LIBYA – Saif al-Islam Gaddafi, putra mahkota dari mendiang pemimpin Libya, Muammar Gaddafi, dikabarkan tewas. Saif tewas diserang empat orang bersenjata tidak dikenal yang menerobos masuk ke rumahnya.
Namun, rincian lebih lanjut mengenai insiden tersebut belum dipublikasikan kepada umum, demikian laporan Kantor berita Saif al-Islam pada Selasa 3 Februari 2026 dilansir Reuters.
Meskipun tidak memegang jabatan resmi, Saif al-Islam pernah dianggap sebagai sosok paling berkuasa di negara kaya minyak di Afrika Utara tersebut setelah ayahnya, Muammar Gaddafi, yang memerintah selama lebih dari empat dekade.
Saif al-Islam berperan penting dalam membentuk kebijakan dan memediasi misi diplomatik sensitif tingkat tinggi. Ia memimpin pembicaraan mengenai penghentian program senjata pemusnah massal Libya dan menegosiasikan kompensasi bagi keluarga korban pengeboman Pan Am Penerbangan 103 di atas Lockerbie, Skotlandia, pada 1988.
Bertekad untuk menghapus status Libya sebagai negara "paria", ia menjalin hubungan dengan Barat dan mencitrakan dirinya sebagai seorang reformis yang menyerukan adanya konstitusi serta penghormatan terhadap hak asasi manusia.
Dari Reformis Menjadi Loyalis Garis Keras
Lulusan London School of Economics dan fasih berbahasa Inggris, Saif al-Islam sempat dipandang banyak pemerintah asing sebagai wajah Libya yang lebih bisa diterima dan ramah terhadap Barat.
Namun, ketika pemberontakan pecah melawan kekuasaan panjang Gaddafi pada tahun 2011, Saif al-Islam segera memilih loyalitas keluarga dan klan di atas persahabatannya dengan pihak Barat. Ia menjadi arsitek penumpasan brutal terhadap para pemberontak, yang ia sebut sebagai "tikus".
Dalam wawancara dengan Reuters saat pemberontakan berlangsung, ia menegaskan: "Kami bertempur di sini di Libya, kami mati di sini di Libya."
Ia memperingatkan bahwa sungai darah akan mengalir dan pemerintah akan bertempur hingga laki-laki, perempuan, dan peluru terakhir.
"Seluruh Libya akan hancur.
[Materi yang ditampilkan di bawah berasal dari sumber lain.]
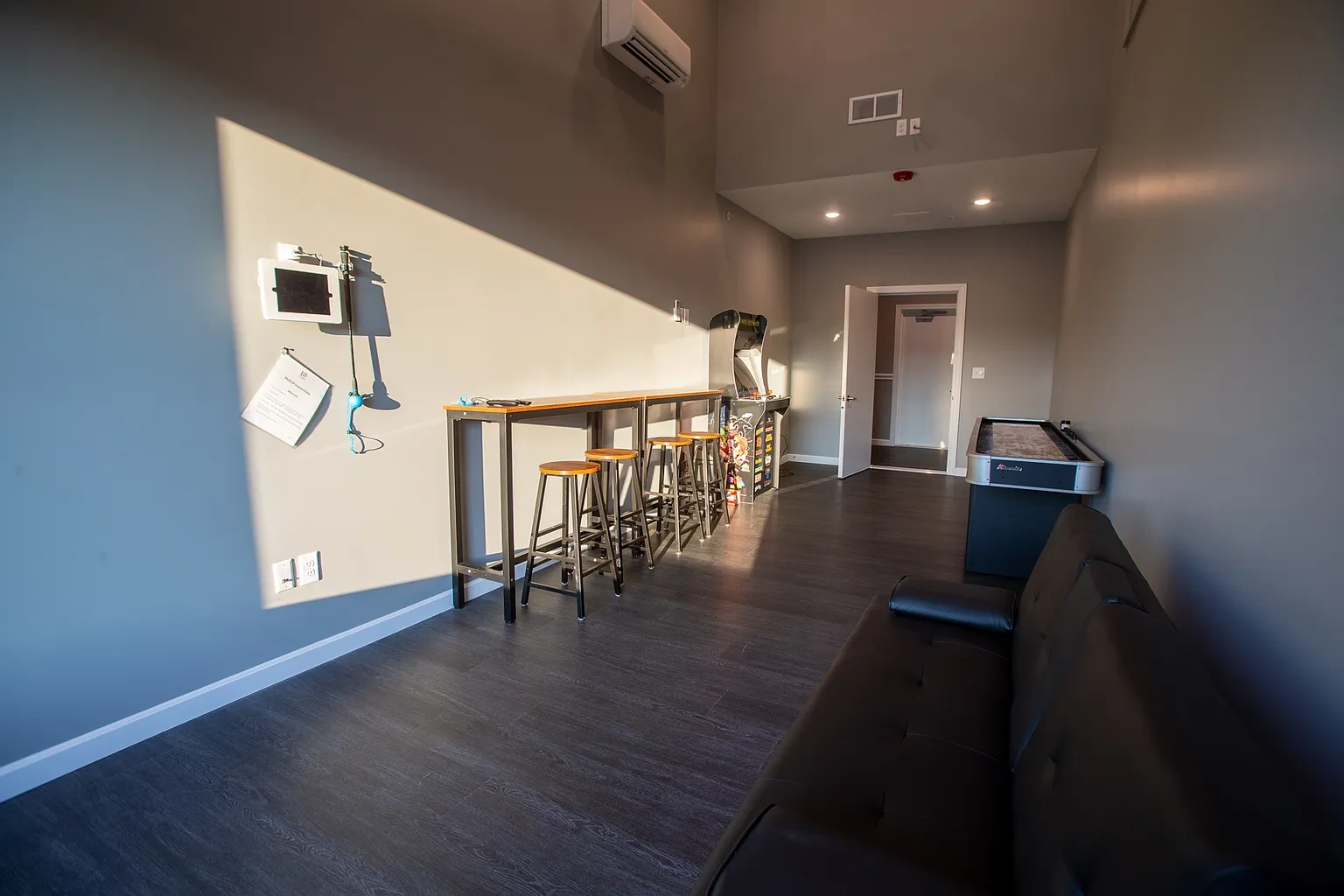 Latitude 40 Flats – photo 1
Kita akan butuh 40 tahun untuk mencapai kesepakatan tentang cara menjalankan negara ini, karena hari ini, semua orang ingin menjadi presiden, atau emir, dan semua orang ingin menjalankan negara," ujarnya sambil mengacungkan jari ke arah kamera dalam sebuah siaran televisi.
'Saya Tetap di Sini'
Setelah pemberontak menguasai ibu kota Tripoli, Saif al-Islam mencoba melarikan diri ke negara tetangga, Niger, dengan menyamar sebagai suku Badui. Milisi Brigade Abu Bakr Sadik menangkapnya di jalan gurun dan membawanya ke kota Zintan, sekitar satu bulan setelah ayahnya diburu dan ditembak mati oleh pemberontak.
"Saya tetap di sini. Mereka akan mengosongkan isi senjata mereka ke tubuh saya saat saya keluar dari sini," katanya dalam rekaman audio saat ratusan pria mengerumuni pesawat angkut tua angkatan udara Libya.
Saif al-Islam dikhianati oleh seorang nomaden Libya yang membocorkan keberadaannya kepada para penangkap. Ia menghabiskan enam tahun berikutnya dalam tahanan di Zintan, sebuah kondisi yang sangat kontras dengan kehidupan mewah yang ia jalani di masa kekuasaan ayahnya, saat ia memiliki harimau peliharaan, berburu dengan elang, dan bergaul dengan kalangan atas Inggris saat berkunjung ke London.
Human Rights Watch sempat menemuinya di Zintan. Hanan Salah, direktur lembaga tersebut untuk wilayah Libya, mengatakan kepada Reuters saat itu bahwa Saif tidak mengeluhkan adanya penganiayaan. "Kami memang menyampaikan kekhawatiran tentang Gaddafi yang ditahan di sel isolasi hampir sepanjang waktu selama dia ditahan," ujarnya.